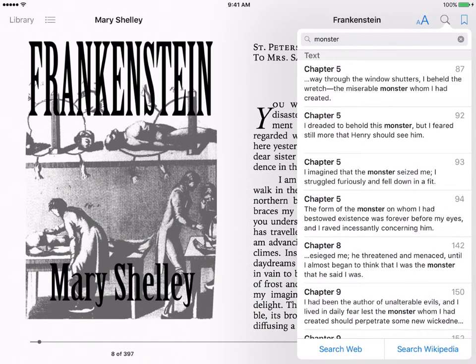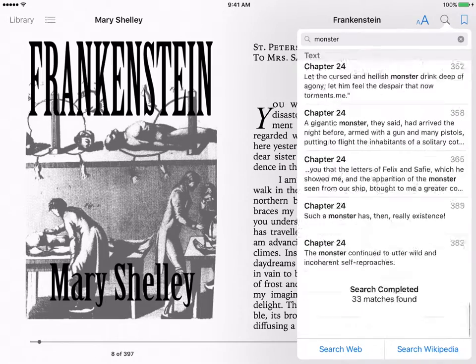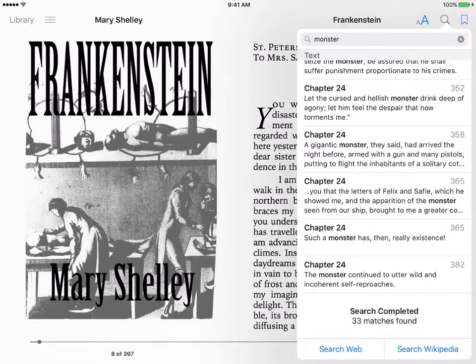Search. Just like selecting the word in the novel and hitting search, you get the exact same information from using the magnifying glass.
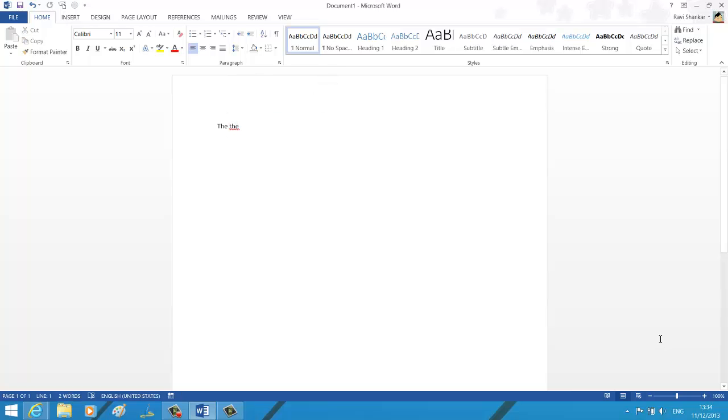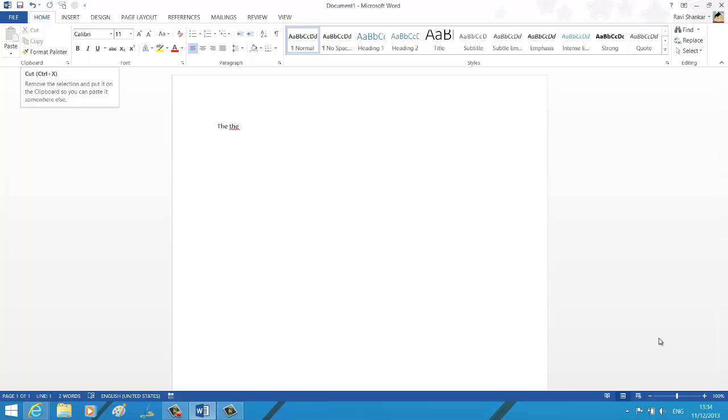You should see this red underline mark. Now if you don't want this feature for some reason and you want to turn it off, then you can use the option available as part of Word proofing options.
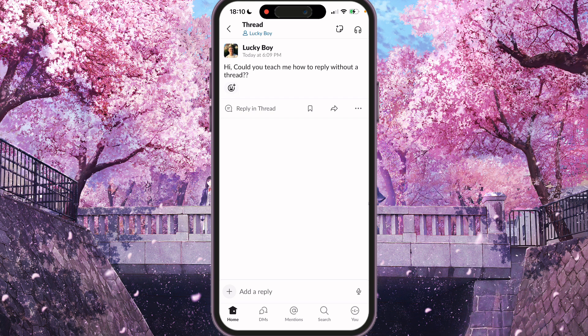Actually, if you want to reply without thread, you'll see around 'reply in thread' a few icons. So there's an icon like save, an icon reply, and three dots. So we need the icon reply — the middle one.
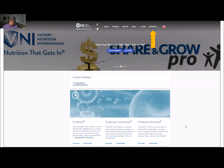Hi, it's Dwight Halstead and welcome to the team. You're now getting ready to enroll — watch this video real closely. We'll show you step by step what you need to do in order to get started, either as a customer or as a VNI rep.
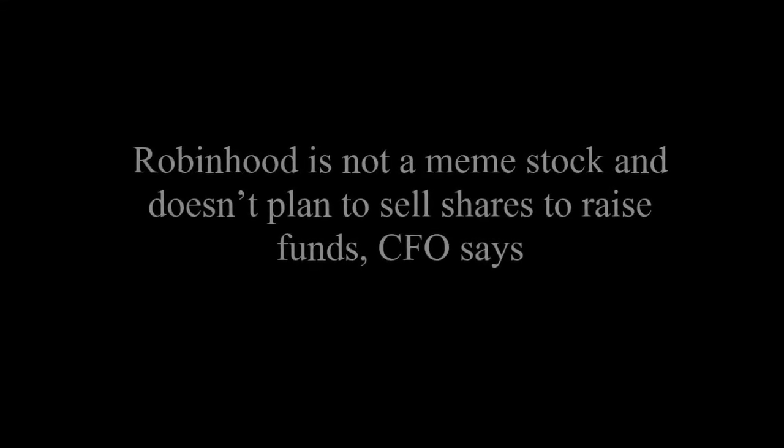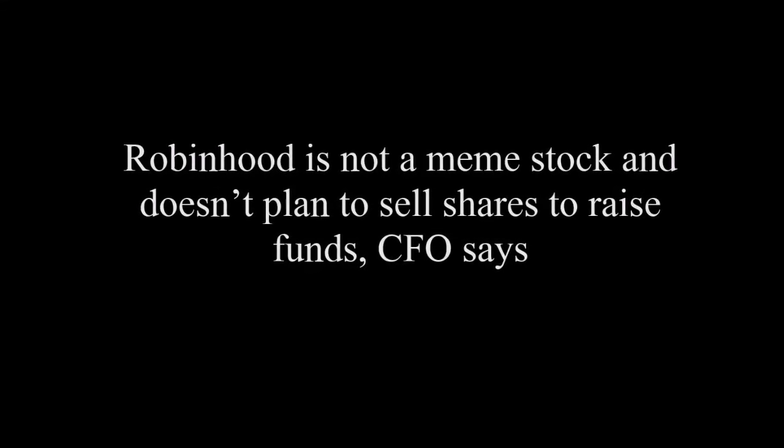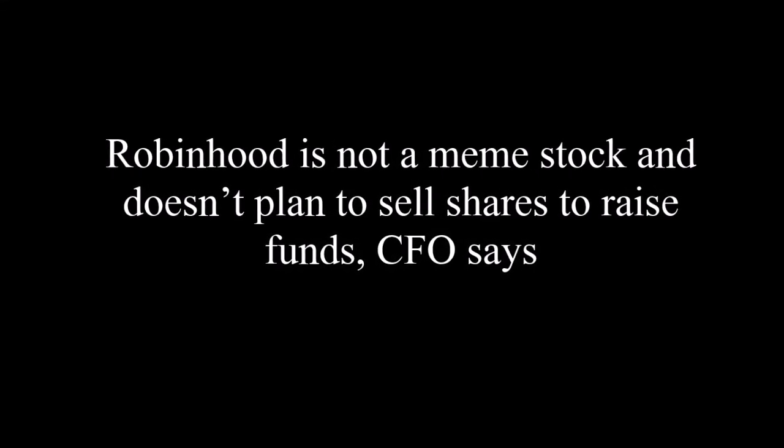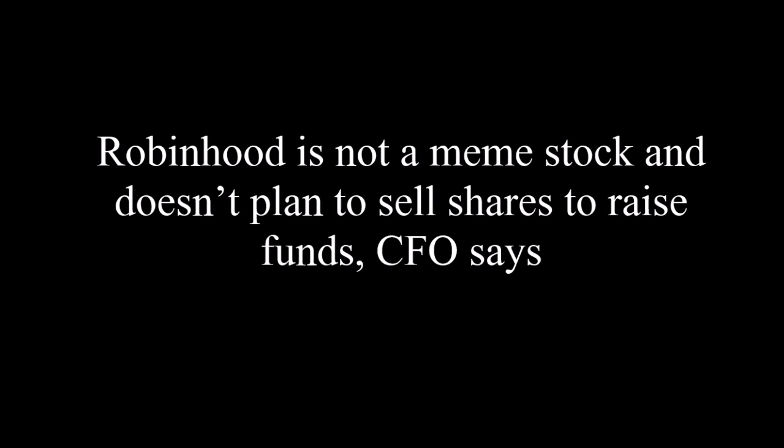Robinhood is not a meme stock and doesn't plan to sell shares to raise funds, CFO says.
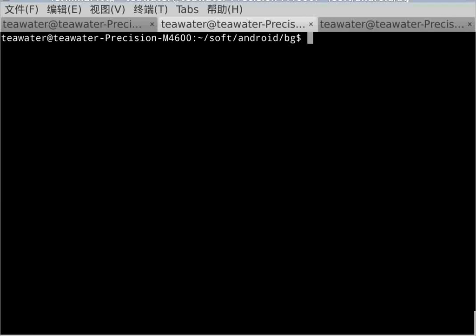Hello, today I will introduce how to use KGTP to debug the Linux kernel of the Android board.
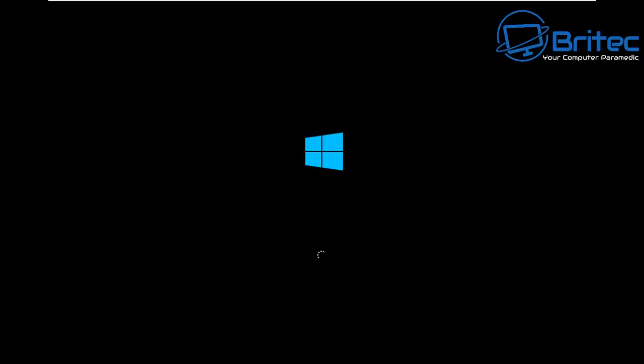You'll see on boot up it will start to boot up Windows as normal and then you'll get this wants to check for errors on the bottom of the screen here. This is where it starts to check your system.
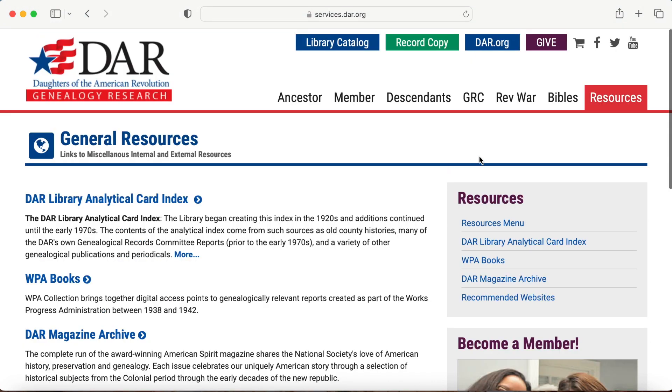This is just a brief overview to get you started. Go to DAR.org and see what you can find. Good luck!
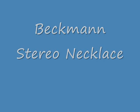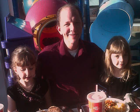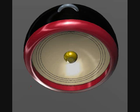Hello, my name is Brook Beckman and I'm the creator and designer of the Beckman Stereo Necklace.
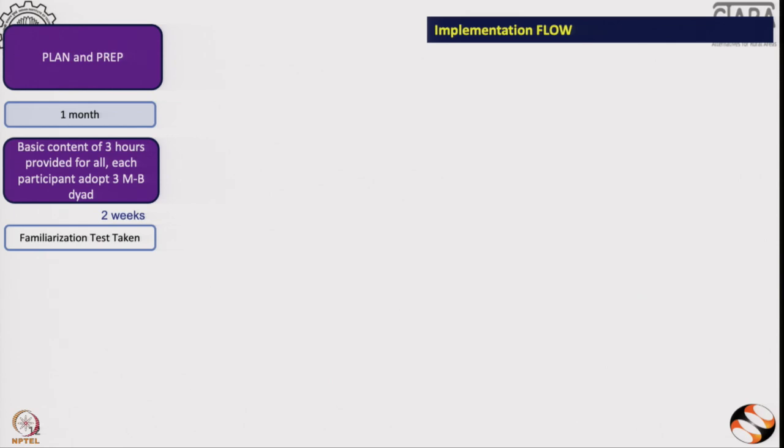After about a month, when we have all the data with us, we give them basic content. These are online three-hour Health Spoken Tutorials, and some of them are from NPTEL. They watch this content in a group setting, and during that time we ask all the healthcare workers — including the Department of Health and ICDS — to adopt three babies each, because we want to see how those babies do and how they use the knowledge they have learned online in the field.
•••
Pictures do not belong in the copy. Please reproduce the entries above exactly otherwise.

Search. Just like selecting the word in the novel and hitting search, you get the exact same information from using the magnifying glass.
You should see this red underline mark. Now if you don't want this feature for some reason and you want to turn it off, then you can use the option available as part of Word proofing options.
Actually, if you want to reply without thread, you'll see around 'reply in thread' a few icons. So there's an icon like save, an icon reply, and three dots. So we need the icon reply — the middle one.
Hi, it's Dwight Halstead and welcome to the team. You're now getting ready to enroll — watch this video real closely. We'll show you step by step what you need to do in order to get started, either as a customer or as a VNI rep.
Robinhood is not a meme stock and doesn't plan to sell shares to raise funds, CFO says.
Hello, today I will introduce how to use KGTP to debug the Linux kernel of the Android board.
You'll see on boot up it will start to boot up Windows as normal and then you'll get this wants to check for errors on the bottom of the screen here. This is where it starts to check your system.
This is just a brief overview to get you started. Go to DAR.org and see what you can find. Good luck!
Hello, my name is Brook Beckman and I'm the creator and designer of the Beckman Stereo Necklace.
After about a month, when we have all the data with us, we give them basic content. These are online three-hour Health Spoken Tutorials, and some of them are from NPTEL. They watch this content in a group setting, and during that time we ask all the healthcare workers — including the Department of Health and ICDS — to adopt three babies each, because we want to see how those babies do and how they use the knowledge they have learned online in the field.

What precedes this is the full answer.